Der State Of Charge, oder SOC abgekürzt, bezeichnet den Füllstand des Akkus, typischerweise in Prozent angegeben. Je voller ein Akku nun ist, desto schlechter kann er Leistung aufnehmen. Das bedeutet, dass ein Akku von 20% bis 60% deutlich schneller geladen ist, als von 60% bis 100%. Typischerweise fangen die meisten Elektroautos bei etwa 75% SOC an die Leistung stetig zu verringern um so voller der Akku wird. Daher macht es bei Langstreckenfahrten am meisten Sinn, die Route und Ladestopps so zu planen, dass man maximal bis 80% lädt und dann zur nächsten Etappe aufbricht.

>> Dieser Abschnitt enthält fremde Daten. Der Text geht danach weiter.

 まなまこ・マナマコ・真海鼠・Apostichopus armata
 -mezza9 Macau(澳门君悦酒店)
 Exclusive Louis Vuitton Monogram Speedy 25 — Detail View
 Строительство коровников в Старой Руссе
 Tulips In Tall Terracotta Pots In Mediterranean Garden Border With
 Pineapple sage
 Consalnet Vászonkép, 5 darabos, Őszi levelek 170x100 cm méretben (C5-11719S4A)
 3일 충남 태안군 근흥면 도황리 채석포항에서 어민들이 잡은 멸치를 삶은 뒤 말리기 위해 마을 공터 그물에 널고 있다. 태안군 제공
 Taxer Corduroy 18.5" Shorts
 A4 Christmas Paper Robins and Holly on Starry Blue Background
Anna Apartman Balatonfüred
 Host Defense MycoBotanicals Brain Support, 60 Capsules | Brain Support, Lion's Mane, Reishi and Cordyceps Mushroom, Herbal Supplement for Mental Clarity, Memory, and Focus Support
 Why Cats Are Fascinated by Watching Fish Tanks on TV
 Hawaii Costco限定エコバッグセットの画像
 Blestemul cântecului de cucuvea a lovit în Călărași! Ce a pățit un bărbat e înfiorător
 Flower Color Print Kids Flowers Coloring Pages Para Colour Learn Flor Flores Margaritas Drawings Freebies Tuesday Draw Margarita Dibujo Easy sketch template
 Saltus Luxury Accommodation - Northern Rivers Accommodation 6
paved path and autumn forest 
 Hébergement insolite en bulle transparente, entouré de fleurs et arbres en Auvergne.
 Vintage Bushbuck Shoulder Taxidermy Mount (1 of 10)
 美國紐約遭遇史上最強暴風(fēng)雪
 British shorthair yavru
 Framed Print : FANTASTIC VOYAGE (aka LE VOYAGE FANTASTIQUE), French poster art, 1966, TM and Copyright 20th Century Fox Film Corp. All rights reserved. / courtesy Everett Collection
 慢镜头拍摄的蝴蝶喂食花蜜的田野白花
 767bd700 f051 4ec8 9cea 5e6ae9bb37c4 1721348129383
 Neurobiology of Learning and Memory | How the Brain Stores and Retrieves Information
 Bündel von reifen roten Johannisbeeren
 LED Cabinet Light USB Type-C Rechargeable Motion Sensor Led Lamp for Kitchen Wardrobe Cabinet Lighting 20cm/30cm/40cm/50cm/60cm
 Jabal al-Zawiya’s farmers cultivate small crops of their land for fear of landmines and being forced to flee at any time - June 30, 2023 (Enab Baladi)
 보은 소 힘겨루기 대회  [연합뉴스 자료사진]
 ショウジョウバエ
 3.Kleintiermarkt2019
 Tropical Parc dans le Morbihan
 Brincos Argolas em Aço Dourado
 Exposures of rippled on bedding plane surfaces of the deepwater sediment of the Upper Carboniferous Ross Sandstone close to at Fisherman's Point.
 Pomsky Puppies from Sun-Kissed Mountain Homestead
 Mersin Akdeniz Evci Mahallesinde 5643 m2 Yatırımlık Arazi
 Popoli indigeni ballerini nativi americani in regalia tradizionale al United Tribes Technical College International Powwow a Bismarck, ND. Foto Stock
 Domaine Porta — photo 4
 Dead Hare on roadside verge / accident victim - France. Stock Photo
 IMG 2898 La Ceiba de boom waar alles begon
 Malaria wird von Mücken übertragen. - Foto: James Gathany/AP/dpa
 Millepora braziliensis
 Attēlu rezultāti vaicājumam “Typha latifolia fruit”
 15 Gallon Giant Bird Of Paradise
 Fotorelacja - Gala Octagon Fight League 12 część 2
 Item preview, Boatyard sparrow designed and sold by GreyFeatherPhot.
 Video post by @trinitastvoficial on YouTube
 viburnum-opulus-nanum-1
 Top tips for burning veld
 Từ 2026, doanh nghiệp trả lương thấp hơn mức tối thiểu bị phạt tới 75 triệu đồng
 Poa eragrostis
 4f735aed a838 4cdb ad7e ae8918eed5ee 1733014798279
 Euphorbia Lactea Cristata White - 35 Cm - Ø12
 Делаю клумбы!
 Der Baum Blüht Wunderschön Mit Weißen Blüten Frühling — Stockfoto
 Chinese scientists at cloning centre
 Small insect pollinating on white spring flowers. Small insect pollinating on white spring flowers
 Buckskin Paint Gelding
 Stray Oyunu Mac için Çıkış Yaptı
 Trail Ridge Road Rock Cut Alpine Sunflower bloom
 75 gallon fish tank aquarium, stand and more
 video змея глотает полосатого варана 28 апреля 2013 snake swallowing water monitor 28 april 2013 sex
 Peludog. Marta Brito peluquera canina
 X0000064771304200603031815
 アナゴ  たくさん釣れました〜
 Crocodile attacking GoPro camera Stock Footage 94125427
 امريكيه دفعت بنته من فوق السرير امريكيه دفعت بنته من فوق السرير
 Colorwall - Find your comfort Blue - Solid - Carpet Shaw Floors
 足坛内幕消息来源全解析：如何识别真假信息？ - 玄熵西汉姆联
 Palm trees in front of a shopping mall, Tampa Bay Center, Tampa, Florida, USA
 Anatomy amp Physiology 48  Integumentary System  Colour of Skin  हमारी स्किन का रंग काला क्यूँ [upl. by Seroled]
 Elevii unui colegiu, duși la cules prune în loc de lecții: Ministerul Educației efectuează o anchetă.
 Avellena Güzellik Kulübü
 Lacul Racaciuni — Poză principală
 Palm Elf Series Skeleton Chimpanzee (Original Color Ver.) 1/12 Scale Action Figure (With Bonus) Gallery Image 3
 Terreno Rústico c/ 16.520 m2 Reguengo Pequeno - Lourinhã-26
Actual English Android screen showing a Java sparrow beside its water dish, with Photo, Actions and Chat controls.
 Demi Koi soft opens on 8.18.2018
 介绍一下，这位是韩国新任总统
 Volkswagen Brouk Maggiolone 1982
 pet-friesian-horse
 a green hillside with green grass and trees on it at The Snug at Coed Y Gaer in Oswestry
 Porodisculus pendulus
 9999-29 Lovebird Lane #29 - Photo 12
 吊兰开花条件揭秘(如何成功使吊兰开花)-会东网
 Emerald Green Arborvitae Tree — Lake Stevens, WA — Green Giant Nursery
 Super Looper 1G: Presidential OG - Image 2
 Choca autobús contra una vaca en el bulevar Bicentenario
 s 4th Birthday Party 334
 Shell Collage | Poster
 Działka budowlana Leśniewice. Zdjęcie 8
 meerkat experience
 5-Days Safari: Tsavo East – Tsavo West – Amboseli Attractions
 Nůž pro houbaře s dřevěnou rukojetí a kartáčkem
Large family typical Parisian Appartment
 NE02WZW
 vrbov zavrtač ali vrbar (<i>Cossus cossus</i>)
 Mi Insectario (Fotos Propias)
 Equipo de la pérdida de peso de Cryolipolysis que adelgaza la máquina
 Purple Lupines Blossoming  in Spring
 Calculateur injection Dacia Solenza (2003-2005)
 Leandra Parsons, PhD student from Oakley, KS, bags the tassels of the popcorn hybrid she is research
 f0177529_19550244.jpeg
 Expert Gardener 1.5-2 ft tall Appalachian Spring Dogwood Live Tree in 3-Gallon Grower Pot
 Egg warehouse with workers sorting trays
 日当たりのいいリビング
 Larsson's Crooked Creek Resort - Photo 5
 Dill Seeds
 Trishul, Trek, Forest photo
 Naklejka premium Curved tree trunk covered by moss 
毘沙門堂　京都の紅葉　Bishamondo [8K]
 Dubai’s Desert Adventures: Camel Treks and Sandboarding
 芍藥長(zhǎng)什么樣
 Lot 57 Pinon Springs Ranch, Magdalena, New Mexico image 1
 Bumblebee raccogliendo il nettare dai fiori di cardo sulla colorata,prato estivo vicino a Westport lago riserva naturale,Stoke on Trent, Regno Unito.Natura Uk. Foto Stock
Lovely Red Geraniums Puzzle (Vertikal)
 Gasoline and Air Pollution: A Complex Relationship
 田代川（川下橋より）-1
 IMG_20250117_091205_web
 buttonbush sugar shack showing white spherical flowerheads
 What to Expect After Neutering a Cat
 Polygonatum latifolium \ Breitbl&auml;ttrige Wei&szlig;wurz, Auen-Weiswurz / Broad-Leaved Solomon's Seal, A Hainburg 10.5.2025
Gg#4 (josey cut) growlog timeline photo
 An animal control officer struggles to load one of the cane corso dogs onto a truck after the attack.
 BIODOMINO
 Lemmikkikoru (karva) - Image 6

verwendete Zellchemie des Akku

In den letzten Jahrzehnten hat es diverse Varianten von Akkumulatoren gegebenen. Die bekannteste Variante ist die Bleibatterie, mit der die allerersten Elektroautos Anfang des vorletzten Jahrhunderts, als auch in den 70er Jahren, ausgestattet wurden. Je nach Zellchemie ergeben sich ganz unterschiedliche Eigenschaften bezüglich Leistung, Kapazität, Zyklenfestigkeit und Gewicht. Beispielhaft sind im folgenden weitere Varianten genannt:

  • Lithium-Ionen Akku
    2010-heute in Elektroautos im Einsatz
  • Natrium-Nickelchlorid auch ZEBRA genannt
    1996-2012 in Elektroautos im Einsatz
  • Lithium-Eisenphosphat auch LiFePO geannnt
    2012-heute in Autos im Einsatz (BYD)

Die bekannteste Technologie ist die des klassischen Lithium-Ionen-Akkus, wie er heute in fast allen Elektroautos zum Einsatz kommt. Auch hierbei gibt es noch feine Unterschiede der verwendeten Materialen der einzelnen Komponenten einer Zelle.

Fazit

Die meisten der oben genannten Aspekte ergeben sich durch den Fahrzeugkauf. Im Alltag relevant und beeinflussbar sind im wesentlichen die Akkutemperatur, die aufgesuchte Ladestation und der Füllgrad des Akkus. Die Empfehlungen lauten dabei wie folgt:

  • bei kalten Temperaturen lieber direkt nach einer Fahrt laden, nicht vor Antritt einer Fahrt
  • bei kalten Temperaturen die letzten Kilometer Vollgas geben um durch hohe Stromentnahme den Akku aufzuheizen (falls keine Akkuheizung verbaut ist)
  • Ladestationen mit möglichst hoher Leistung aufsuchen (43kW Typ2 bzw. 50kW CCS/CHAdeMO)
  • den Akku auf Langstrecken pro Etappe bis maximal 80% laden, da die letzten 20% besonders lange dauern

Hält man diese Regeln ein, kann man von folgenden beispielhaften Ladezeiten ausgehen:

  • Tesla Model S (100D) 0-80% in 30 Minuten
    am Tesla Supercharger
  • Renault ZOE (22kWh) 0-80% in 30 Minuten
    an Typ2 Ladestation mit 43kW
  • Hyundai Ioniq Electric 0-80% in 30 Minuten
    an 50kW CCS; bei 70kW in 23 Minuten

Fast alle heutigen Elektroautos, welche mit Schnelllademöglichkeit ausgestattet sind, können also einen SOC von 80% in etwa 30 Minuten erreichen. Für Langstrecken ist das sicherlich für die meisten Menschen akzeptabel. Im Alltag und Pendelverkehr kommt es eher weniger auf die Ladezeiten, da ist die langsame Ladung über Nacht zu bevorzugen.